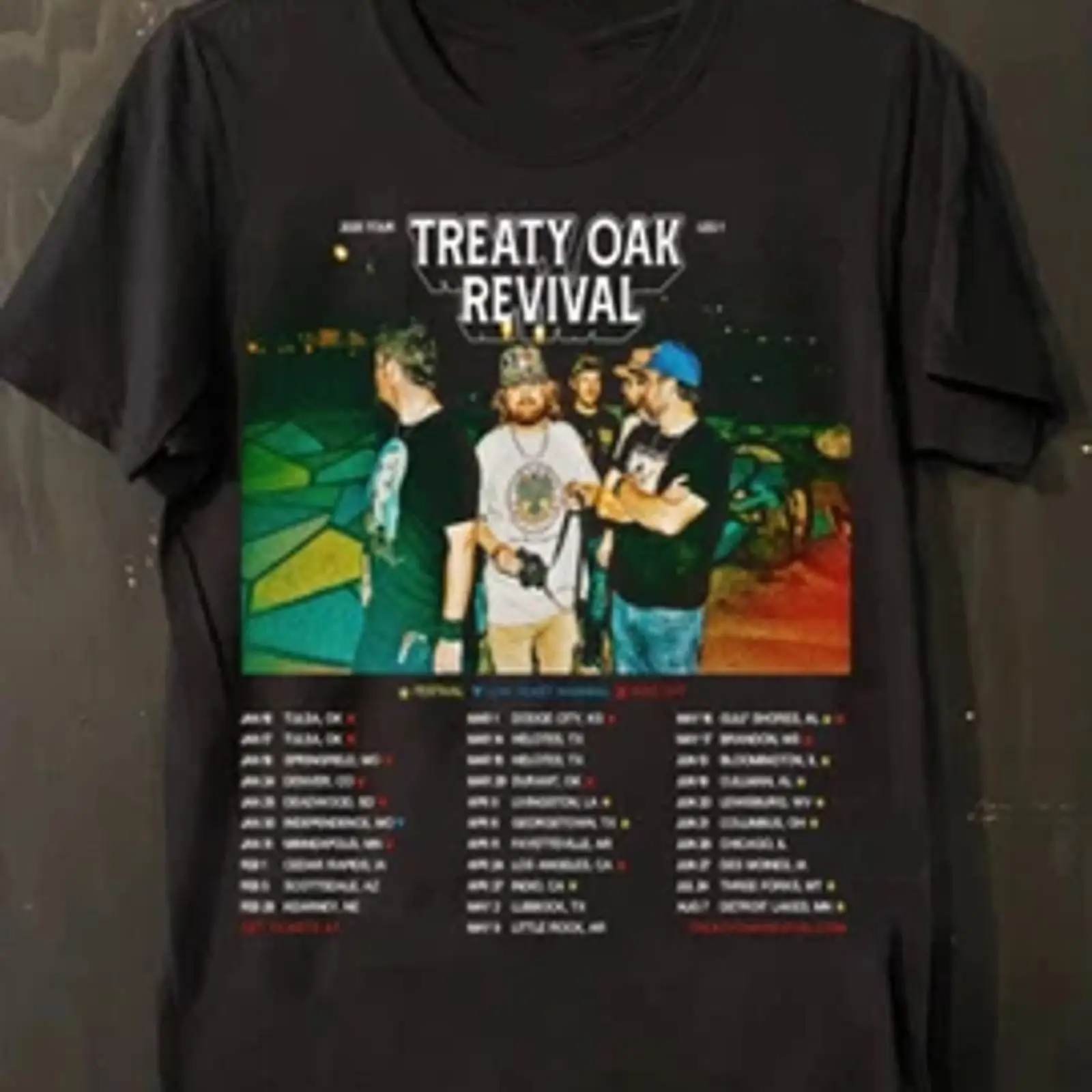 Vintage Fashion Revival - Новая футболка New Treaty Oak Revival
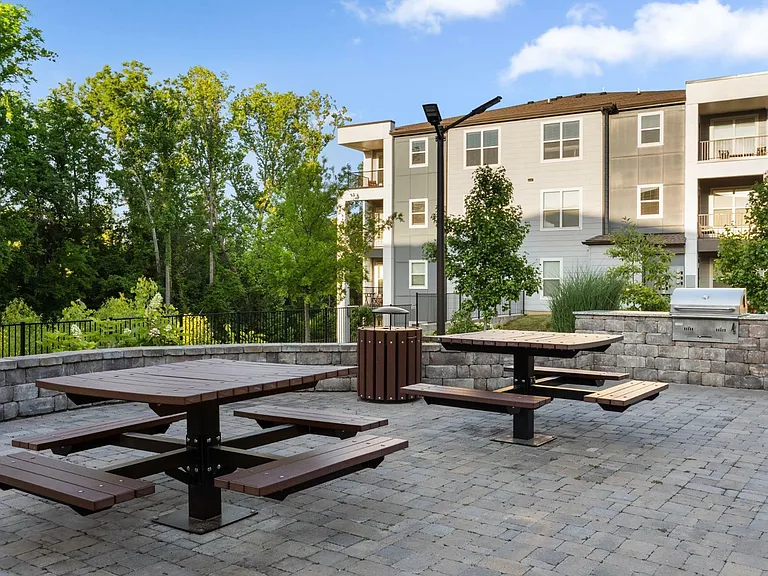 The Anson - Picnic Tables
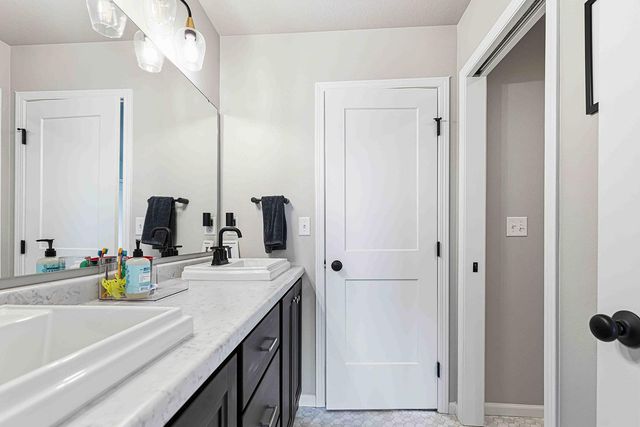 6363 S 54th Avenue S, Fargo, ND 58104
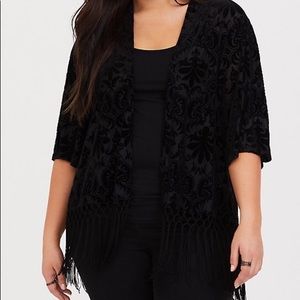Torrid 5/6 black velvet Fringe kimono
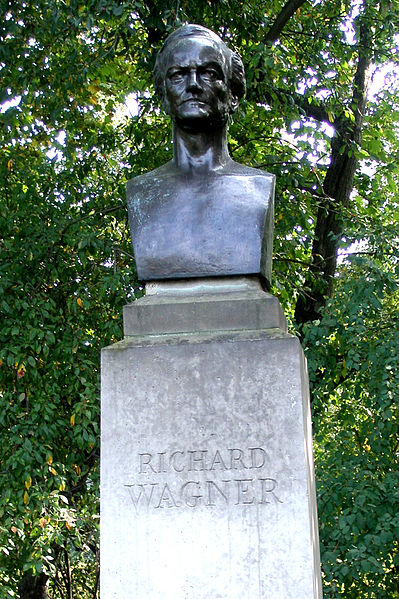 Файл:Bust of Wagner.jpg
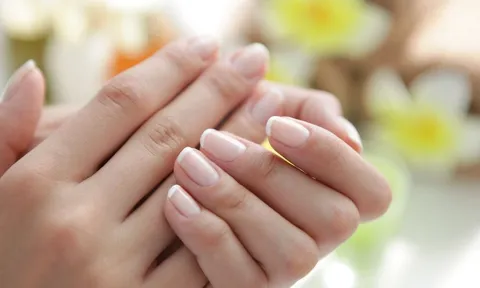 Chuyên gia tiết lộ dấu hiệu trên móng tay có thể dự đoán tuổi thọ của bạn, ai xuất hiện thứ này cần đi khám ngay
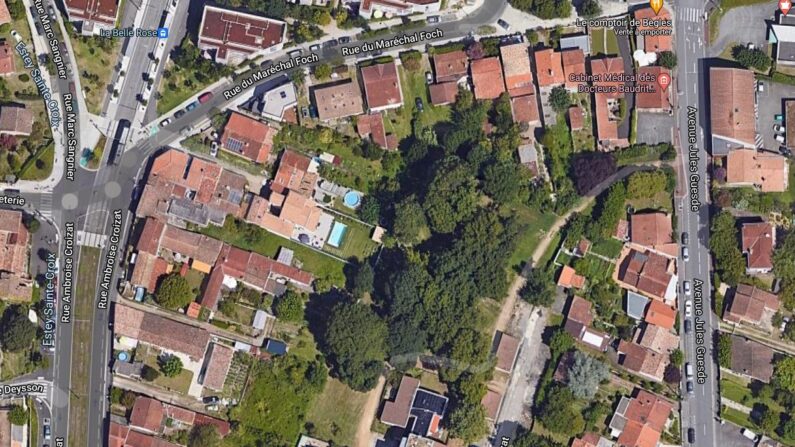 Le parc de la Maye de Bernet est le seul îlot de fraicheur au milieu des immeubles dans le quartier "la belle rose" à Bègles. (Capture d'écran/Google Maps)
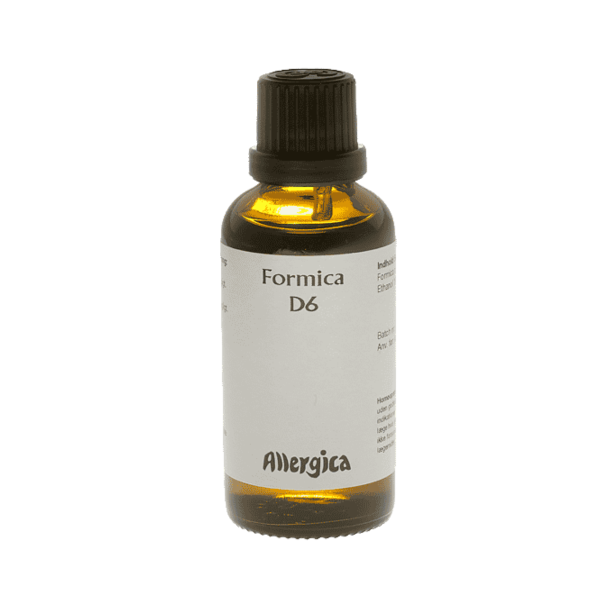 En klassisk m�rkebrun apoteker-glasflaske fra Allergica. Etiketten har et roligt, klinisk og stilrent hvidt/gr�t design med navnet Formica D6 tydeligt centreret. Flasken indeholder 50 ml dr�ber og har en indbygget dr�bet�ller i toppen.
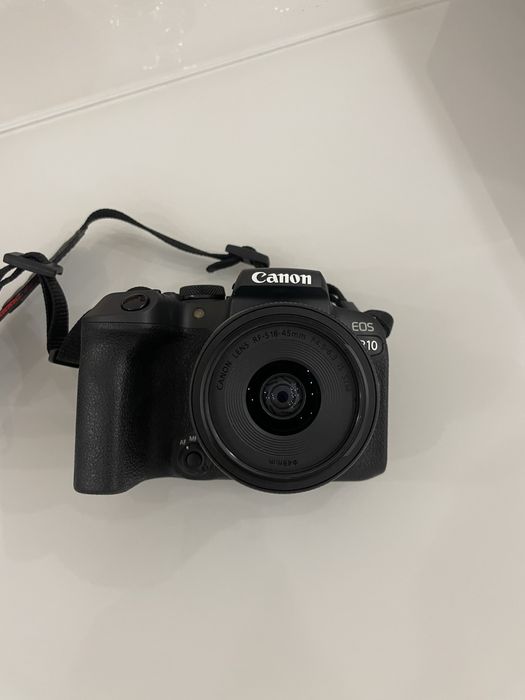 Canon EOS R10 Kit 18-45mm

> [REQUIREMENT] Everything in the records above must be repeated exactly, apart from the pictures.

> [RESPONSE TO THE EXERCISE]
 Vintage Fashion Revival - Новая футболка New Treaty Oak Revival
 The Anson - Picnic Tables
 6363 S 54th Avenue S, Fargo, ND 58104
Torrid 5/6 black velvet Fringe kimono
 Файл:Bust of Wagner.jpg
 Chuyên gia tiết lộ dấu hiệu trên móng tay có thể dự đoán tuổi thọ của bạn, ai xuất hiện thứ này cần đi khám ngay
 Le parc de la Maye de Bernet est le seul îlot de fraicheur au milieu des immeubles dans le quartier "la belle rose" à Bègles. (Capture d'écran/Google Maps)
 En klassisk m�rkebrun apoteker-glasflaske fra Allergica. Etiketten har et roligt, klinisk og stilrent hvidt/gr�t design med navnet Formica D6 tydeligt centreret. Flasken indeholder 50 ml dr�ber og har en indbygget dr�bet�ller i toppen.
 Canon EOS R10 Kit 18-45mm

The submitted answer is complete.